The aim is to anchor yields. QE proved this. Yield-curve control proves it daily in Japan. Rising yields are not market verdicts; they are policy decisions dressed up as inevitability. Calling this “discipline” is a political choice, not an economic law.

Somewhat bizarrely, Plener cites Britain’s post-1945 debt reduction as evidence for discipline. But its own account shows otherwise. Debt fell because:

  • Growth resumed.
  • Inflation reduced real liabilities.
  • Interest rates were kept low by institutional design.

The welfare state did not obstruct this. It stabilised it. The lesson is not that markets must rule, but that governments can choose the rules under which debt evolves. Plender ignored that.

The real conclusion in that case is not that public debt has not become unmanageable. What has become unsustainable is an economic system in which:

  • Excess private saving is treated as virtuous.
  • Inequality is ignored as a macroeconomic force.
  • Excessive hoarding (matched by underinvestment in real economic activity) is rewarded with interest, and
  • Democratic governments are told they must appease markets.
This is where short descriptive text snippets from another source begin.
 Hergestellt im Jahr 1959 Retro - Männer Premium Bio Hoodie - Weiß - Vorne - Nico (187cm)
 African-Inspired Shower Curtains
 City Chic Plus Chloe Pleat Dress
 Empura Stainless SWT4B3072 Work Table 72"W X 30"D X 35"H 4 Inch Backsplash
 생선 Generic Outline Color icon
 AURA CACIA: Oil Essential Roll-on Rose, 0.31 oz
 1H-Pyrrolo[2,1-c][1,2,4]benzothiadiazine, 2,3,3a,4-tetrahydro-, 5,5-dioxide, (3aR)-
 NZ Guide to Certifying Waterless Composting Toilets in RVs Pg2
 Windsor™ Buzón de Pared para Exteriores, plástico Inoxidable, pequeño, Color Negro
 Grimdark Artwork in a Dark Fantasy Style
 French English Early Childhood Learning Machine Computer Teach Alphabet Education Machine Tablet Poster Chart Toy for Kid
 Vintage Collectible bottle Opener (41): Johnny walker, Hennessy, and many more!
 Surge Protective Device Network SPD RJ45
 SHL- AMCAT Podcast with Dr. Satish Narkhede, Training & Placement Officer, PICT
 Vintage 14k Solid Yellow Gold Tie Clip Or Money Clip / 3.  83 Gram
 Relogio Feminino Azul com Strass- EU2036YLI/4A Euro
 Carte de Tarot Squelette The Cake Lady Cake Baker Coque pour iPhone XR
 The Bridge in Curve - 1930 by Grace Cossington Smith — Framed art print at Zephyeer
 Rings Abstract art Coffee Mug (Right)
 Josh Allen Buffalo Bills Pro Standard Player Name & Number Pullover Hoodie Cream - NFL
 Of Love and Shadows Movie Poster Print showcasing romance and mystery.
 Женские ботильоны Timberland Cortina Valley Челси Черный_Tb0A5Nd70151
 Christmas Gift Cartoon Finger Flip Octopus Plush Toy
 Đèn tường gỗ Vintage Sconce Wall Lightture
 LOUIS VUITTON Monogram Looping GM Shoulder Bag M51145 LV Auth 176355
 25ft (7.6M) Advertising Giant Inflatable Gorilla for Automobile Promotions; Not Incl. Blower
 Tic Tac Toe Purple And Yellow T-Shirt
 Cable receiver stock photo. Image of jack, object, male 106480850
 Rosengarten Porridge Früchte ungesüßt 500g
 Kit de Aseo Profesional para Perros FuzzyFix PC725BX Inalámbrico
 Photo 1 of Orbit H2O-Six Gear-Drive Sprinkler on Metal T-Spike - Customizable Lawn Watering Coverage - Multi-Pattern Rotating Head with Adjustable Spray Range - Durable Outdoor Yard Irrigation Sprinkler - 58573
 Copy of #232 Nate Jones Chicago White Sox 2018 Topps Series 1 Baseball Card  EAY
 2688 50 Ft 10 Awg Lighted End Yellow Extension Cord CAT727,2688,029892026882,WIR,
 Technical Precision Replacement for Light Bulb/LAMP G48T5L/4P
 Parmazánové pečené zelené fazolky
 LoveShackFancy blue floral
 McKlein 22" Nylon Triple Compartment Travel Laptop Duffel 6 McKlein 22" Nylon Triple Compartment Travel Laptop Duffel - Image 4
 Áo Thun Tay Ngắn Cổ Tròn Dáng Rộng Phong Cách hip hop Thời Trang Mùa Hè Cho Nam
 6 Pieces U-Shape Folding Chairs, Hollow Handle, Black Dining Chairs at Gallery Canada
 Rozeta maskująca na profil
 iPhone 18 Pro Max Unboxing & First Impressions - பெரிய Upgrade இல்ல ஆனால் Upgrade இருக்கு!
The FT article does not describe a crisis of public finance. Instead, it reveals a crisis in our economic narratives, which insist that governments are the problem, whilst carefully avoiding the evidence that makes clear that government intervention is unavoidable.

Plender ends with. warning that we might be facing a 1929-level crisis because of government debt. I agree that we might be facing a crisis, but he has all his causations wrong. We are facing a crisis because antisocial neoliberalcapitalism is coming to the end of its road and has no answers left to offer, just as Plender has none to provide. The reality is that until the economic narrative changes, and we understand the crisis neoliberalism is creating, debt will keep rising, not because states are reckless, but because we refuse to confront the causes Plender so clearly describes, but fails to recognise.